2) I could test this just by editing one of my recent rides - if I export it as a GPX and delete a chunk of waypoints, it will look like a straight line crosses an otherwise empty square that the road skirts round. Will upload it as a test and see what happens (will delete it afterwards, keeping the original ride) and let you know.
 

steverob

Guru
Location
Buckinghamshire
2) I could test this just by editing one of my recent rides - if I export it as a GPX and delete a chunk of waypoints, it will look like a straight line crosses an otherwise empty square that the road skirts round. Will upload it as a test and see what happens (will delete it afterwards, keeping the original ride) and let you know.
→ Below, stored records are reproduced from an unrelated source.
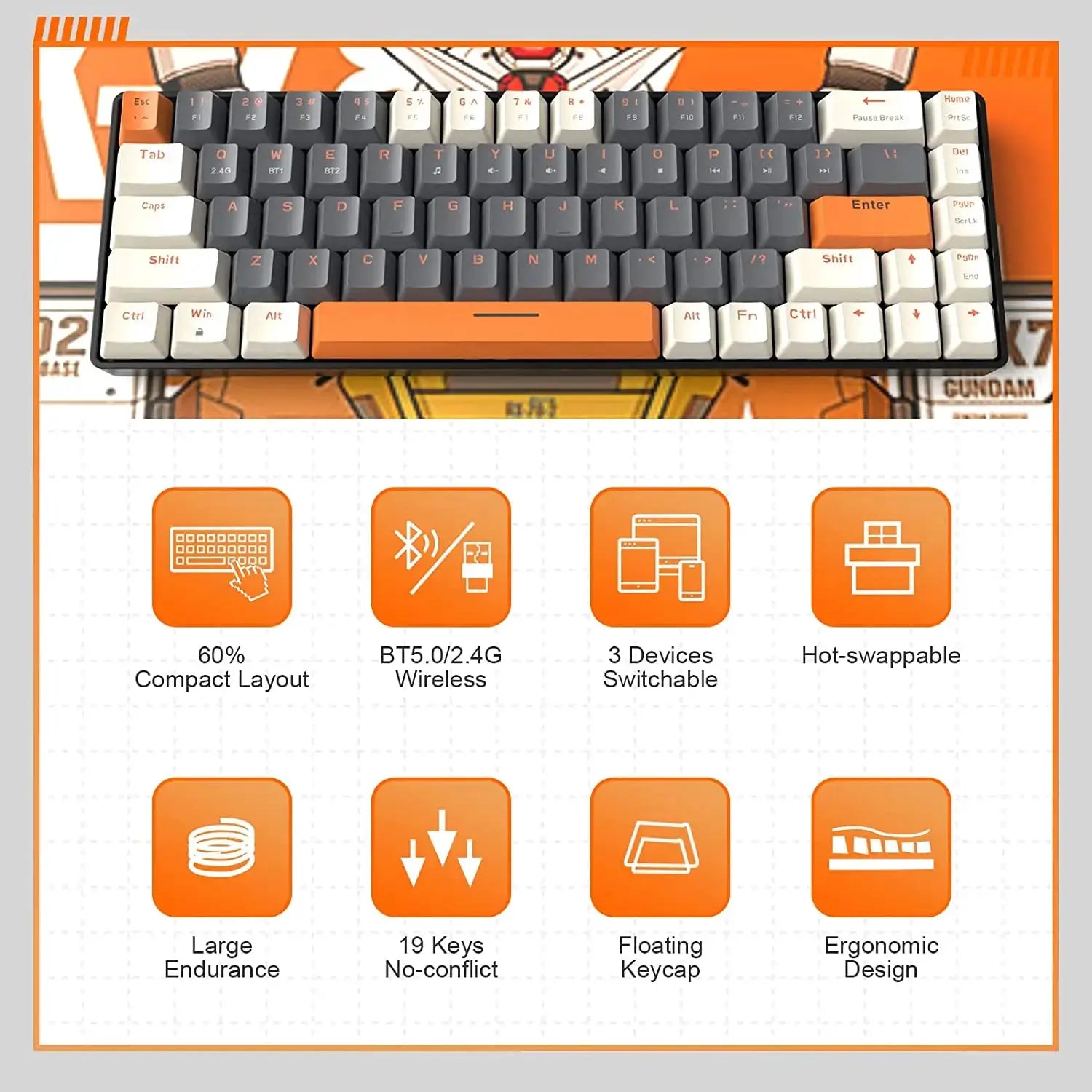 RK68 60% wireless mechanical keyboard by Simples Market; orange/gray keycaps, hot-swappable, Bluetooth 5.0/2.4G
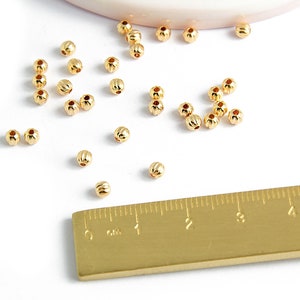 Spacer beads 3mm 18K gold plated brass round beads 3mm 18k gold plated spacer image 2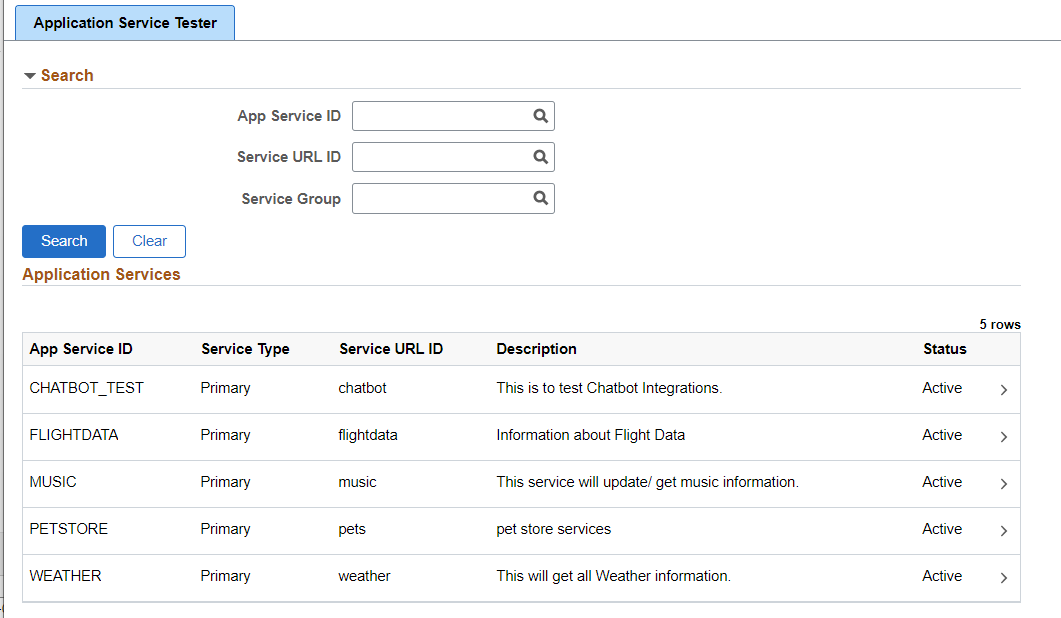 Application Service Tester page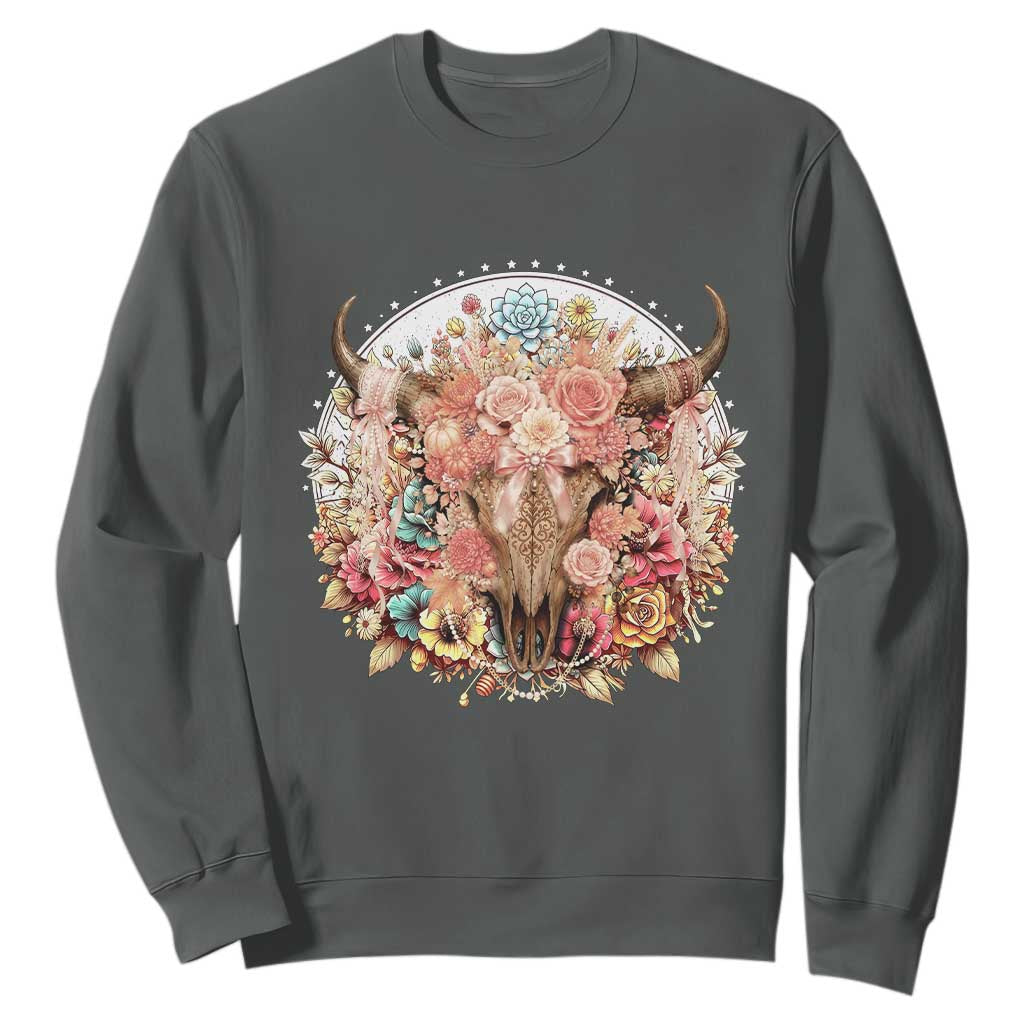 Boho Western Floral Longhorn Bull Skull Sweatshirt Rustic Cowgirl Ranch Gift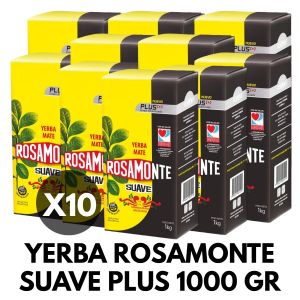 YERBA ROSAMONTE SUAVE PLUS 1000 GR X 10 UNIDADES - Vista 1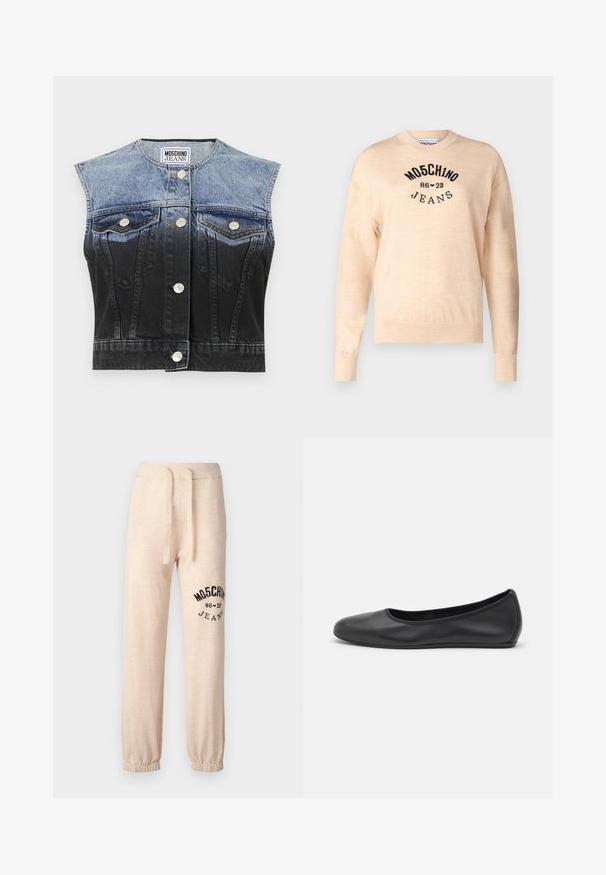Light beige sweater made of a soft knit, featuring a round neckline, long sleeves, and a black embroidered logo with the text "Moschino Jeans."; Denim vest featuring a faded blue to black ombre effect, sleeveless design, two chest pockets, silver buttons, and a curved hem.; Beige sweatpants with elastic cuffs and waistband. Features a black printed logo "MOSCHINO 86 ❤ 23 JEANS" on the left thigh. Soft texture.; Black leather ballet flat with a rounded toe, smooth texture, minimal stitching detail, and a flexible sole design.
Tested and confirmed - as long as the line goes over some part of the square, even if it has no waypoints in it, VeloViewer will mark it as having been crossed. Now whether that is "cheating" or not is another matter that I think will be down to personal opinion... (gets popcorn ready)

There's an ex-RAF base near me that is now a "secure" business park that takes up almost exactly the whole of one square that I know I'll probably never be able to access, but I still think there's a possibility of getting close enough to one of the square borders via an unmarked country lane (former railway trackbed) to cross it off. The trouble is I'd need a mountain bike (or something with very good suspension) to get down it and there's nowhere round me that rents out bikes any more. Doesn't matter too much as there's a number of other difficult squares I'd need to cross off before this one even became an issue - probably at around 22x22?
 
I think I prefer (1) from an honesty perspective, it feels more like you've actually visited the square in question.

Thanks @steverob for getting us started, it's good fun trying these new roads.
 

Supersuperleeds

Legendary Member
Location
Leicester
I'm not too worried about the honesty perspective as you are actually having to ride around the square to be able to tick it off. Plus this method means the adjacent square you use to go around will not get flagged as being ridden, so you will have to do that one twice. I do think it should only be used for squares with no ridable roads on them though.